June scowled. 'I can't do this,' she said. I've got something to learn for Alicia this week. I can't do both.'

'I'm afraid you'll have to,' said Darrell. 'I suppose you cheeked Alicia again. Well, we won't have it. If you don't learn manners now, and respect for your elders, you never will. You say those sonnets to me before Tuesday!'

She went off with Felicity. 'June's awful,' remarked Felicity. 'If only she wasn't so frightfully funny sometimes, I honestly would never speak to her. Nor would Susan. But she plays such idiotic tricks. She's playing one tomorrow on Mam'zelle Dupont.'

'What is it?' asked Darrell, with interest. 'I shouldn't have thought there were any tricks left to play on poor old Mam'zelle.'



'Well, there are - and June plays them,' said Felicity. 'And when I see Mam'zelle's face I laugh till I cry.'

'Yes, I know - I've laughed till I've ached too, sometimes,' said Darrell, remembering some of the jokes she and her form had played at times. 'What's June playing at tomorrow?'

'Oh, Darrell,' said Felicity, beginning to giggle as she thought of it. 'She's got a kind of flat balloon arrangement - well, she's got four, in fact. And you put one under your blouse at the back and another in your front, and another under your skirt at the back, and the last one in front.'

Darrell chuckled. 'Go on. I can guess what happens.'

'Well, June showed us,' said Felicity, beginning to laugh helplessly. 'All the balloons are joined together by little tubes - and there's an inflator you press to fill them and a deflator you pull out to empty them. When she pressed the inflator she swelled up, you see, and she looked simply frightful. Oh, dear - I laughed so much I couldn't sit in my chair.'

Darrell laughed, too. 'Well, that's a new trick, certainly! I wish we'd had it when we were in the first form. Where does June get these tricks from? Alicia always got them from her brothers.'

'Oh, June gets advertis.e.m.e.nt booklets sent her from the firms that make conjuring tricks and funny tricks,' said Felicity. 'I think she must spend all her pocket money on them.'

'It wouldn't be a bad idea to have a spot of conjuring in our pantomime,' said Darrell, thoughtfully. 'Alicia is awfully good at conjuring. Yes - I'll put a conjurer into the pantomime - it shall be Alicia! If you can borrow that book - or however many she's got - from June, I'd like to look through them.'

'Right. But I won't tell her you want it,' said Felicity. 'You'll be mud to her now, after giving her those sonnets to learn. June's doing the trick tomorrow morning at twelve in French Dictee, Darrell. You're not free by any chance, are you? If so, couldn't you come along with some message for Mam'zelle, or something, and see June swell up? You'll know when it's happening because I expect we'll shriek with laughter.'

Darrell pondered. She had put that period aside to get on with the draft of the pantomime. Until she had worked out the characters they could not be chosen, so it was important to get on with it. But how could she resist the chance of slipping down to see Mam'zelle's face?
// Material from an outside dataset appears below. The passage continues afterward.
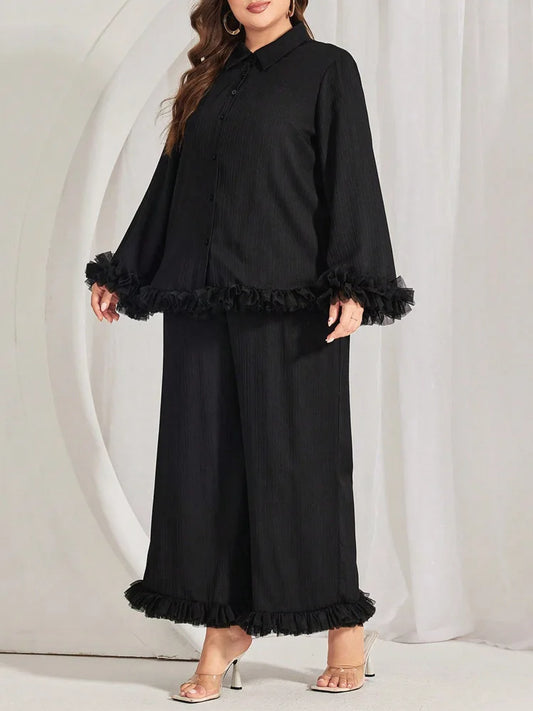 Ruffle-Trim Shirt & Wide-Leg Pants Set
'Well, I'll come if I can,' she promised.

But when twelve o'clock came next morning Darrell was called to talk to Matron about some missing socks. Matron always went into matters of this sort very thoroughly indeed, and it was twenty minutes before Darrell was free.

'I wonder what's happened down in the first form?' she thought, feeling rather guilty at her interest in something such babies did. 'I wonder if the trick's been played?'

It had. June, who always had to sit in one of the front desks, so as to be under every mistress's eye, had inflated herself very successfully indeed. She did it gradually, so that when Mam'zelle kept looking at her to see that she was getting on with the dictation, she did not at first notice anything.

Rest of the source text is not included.